Même en ayant le bolide qui roule on peut utiliser autre chose que gnome, ce n'est pas parce que quelqu'un utilise WM, fluxbox, E, icewm ou d'autres dans le même genre que la raison en est une machine poussive !

Je me suis senti obligé de répondre tellement ct proche du troll. Comme toujours il faut tester pour choisir. Pour info à mes parents je leur ai mis kde3 car c'est celui qu'ils préféraient (entre kde3, gnome2, WM et fluxbox), pourtant ils ont une machine moins puissante que moi...

 *arlequin wrote:*   

> Personnellement, je ne vois pas trop l'intérêt d'installer linux pour avoir un wm qui émule l'interface de XP... mais bon, c'est un avis perso...

 

Je ne peux que être d'accord, mais encore une fois ce n'est qu'un avis perso  :Wink: 

----------

## Atreillou

perso je tourne depuis mes debuts sur gentoo sous fluxbox...

mais j'utilise les outils kde (kmail knode and co)

----------

## sergio

J'ai longtemps utilisé WindowMaker qui est plus léger que KDE, Gnome et qui permet d'utiliser les applis des deux environnement sans dégrader les performances de ces dernières...

Par exemple Konqueror tourne du tonnerre sur WindowMaker...

Et puis j'aime bien son look, même si maintenant sur toutes mes stations de travail je suis passé sur KDE...

Quand à Merlin je le connais pas.
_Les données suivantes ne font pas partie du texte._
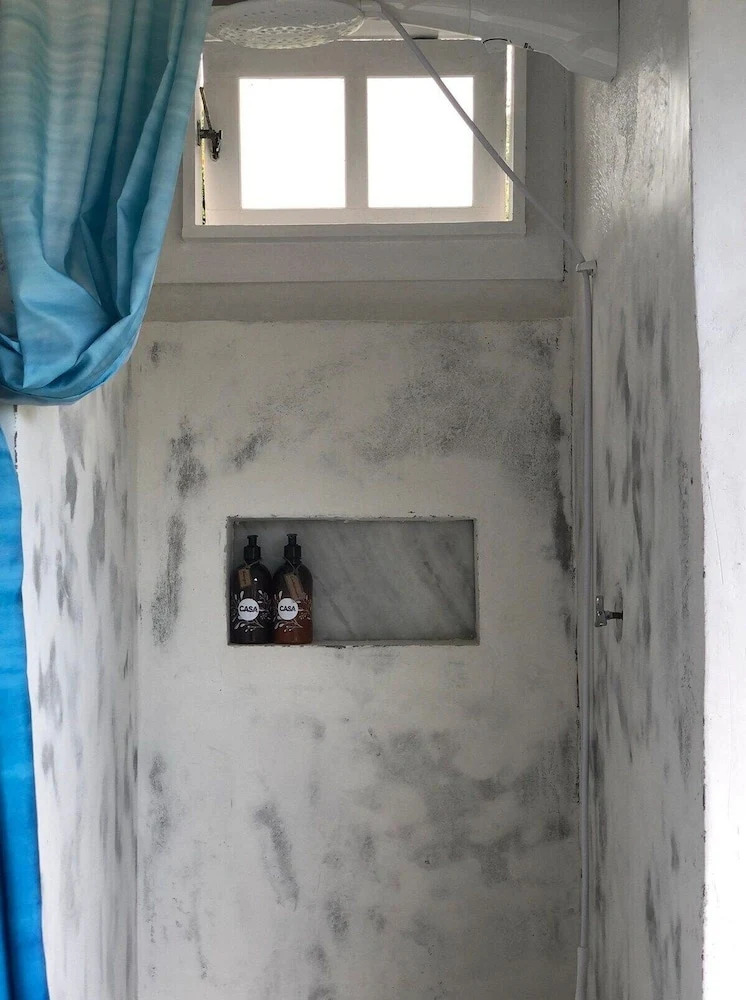 Foto - CasaIvan
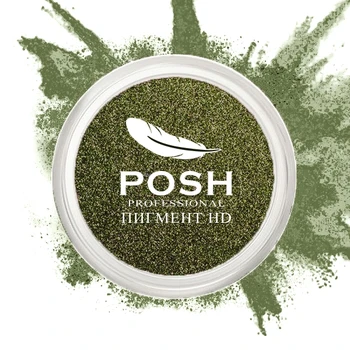 eyeshadow pigment for eyes and lips cosmetics for women professional cosmetics makeup brand cosmetics eye makeup cosmetics for makeup
eyeshadow pigment for eyes and lips cosmetics for women professional cosmetics makeup brand cosmetics eye makeup cosmetics for makeup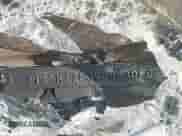 1994 Toyota Camry LE с VIN 4T1SK12E3RU863068, выставлен на аукционе IAAI как лот 41246198 с пробегом 109 786 миль миль и . История ставок и продаж доступна на DreamBid. Изображение 9.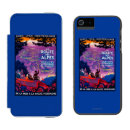Search for de la iphone cases France
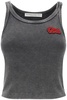 Cotton Tank Top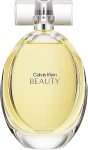 Парфумована вода жіноча - Calvin Klein Beauty, 50 мл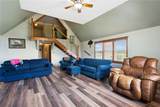 2375 55th Street Drive - Photo 28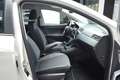 SEAT Ibiza 1.0 MPI S&S Style 80 Blanco - thumbnail 12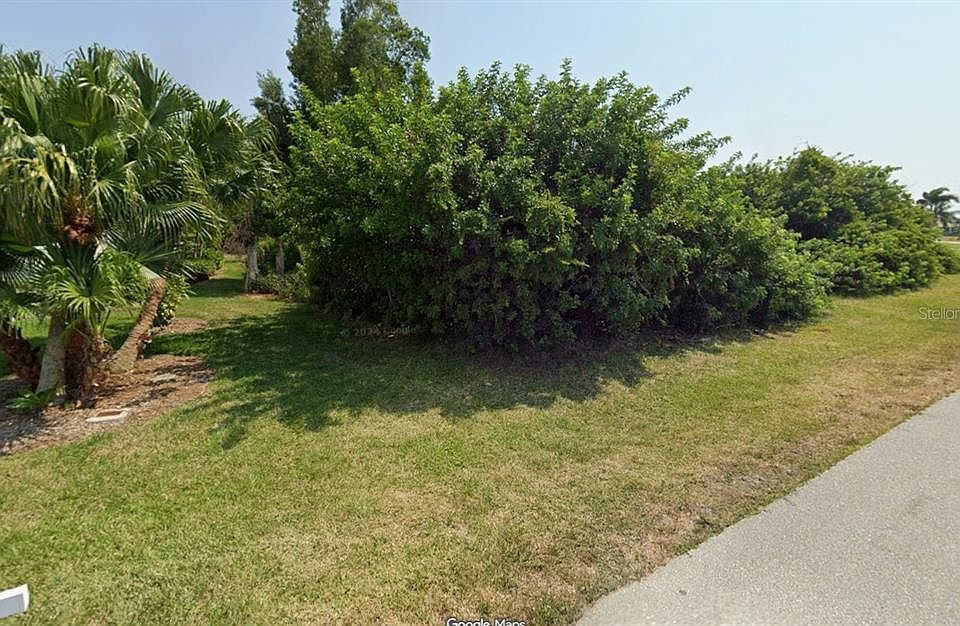 2nd image of 211 WESTWIND DRIVE LOT 128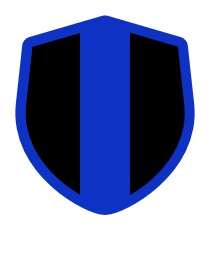 Logo del equipo 1326371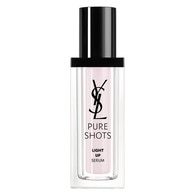 30 ML YVES SAINT LAURENT Bőrápolás Pure Shots Pure Shots Light Up Szérum  1 of 2 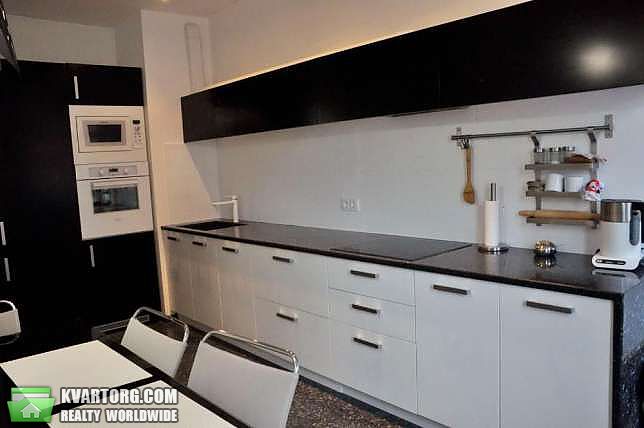 Rent out 3-room apartment. Киев,  Мишуги — photo 10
Si quelqu'un possède une url vers le site pour ma culture générale j'aimerai bien aller y faire un tour...

A+

----------

## erianor

J'ai l'impression que pour merlin il doit s'agir de sawfish-merlin, disponible dans Portage.

----------

## -JeaN-

Je préfère attendre avant d'installer e17, il est encore en beta d'après ce que j'ai vu..

J'utilise fluxbox  :Smile:  J'aime bien WindowMaker quand même, mais bon il se fait un peu vieux !

----------

## DuF

fluxbox est vraiment celui qui actuellement à la plus forte côte de popuralité, mais on ne peut pas dire que ça soit immérité !

----------

## arlequin

Franchement, moi j'utilise 'TWM'... c'est un wm pour homme virile !!   :Cool: 

----------

## -JeaN-

L'homme viril utilise term  :Smile:  lol

----------

## groutchopok

c con pour les filles qui utilisent la console alors...

elle vont se sentir viril vous croyez?    :Laughing: 

non c nul...dslé

----------

## -JeaN-

Des nouveaux cas de loups garoux ont étés signalés, mais en fait c'était des fausses alertes : c'était des filles sous term, qui ont vu leurs poils pousser ...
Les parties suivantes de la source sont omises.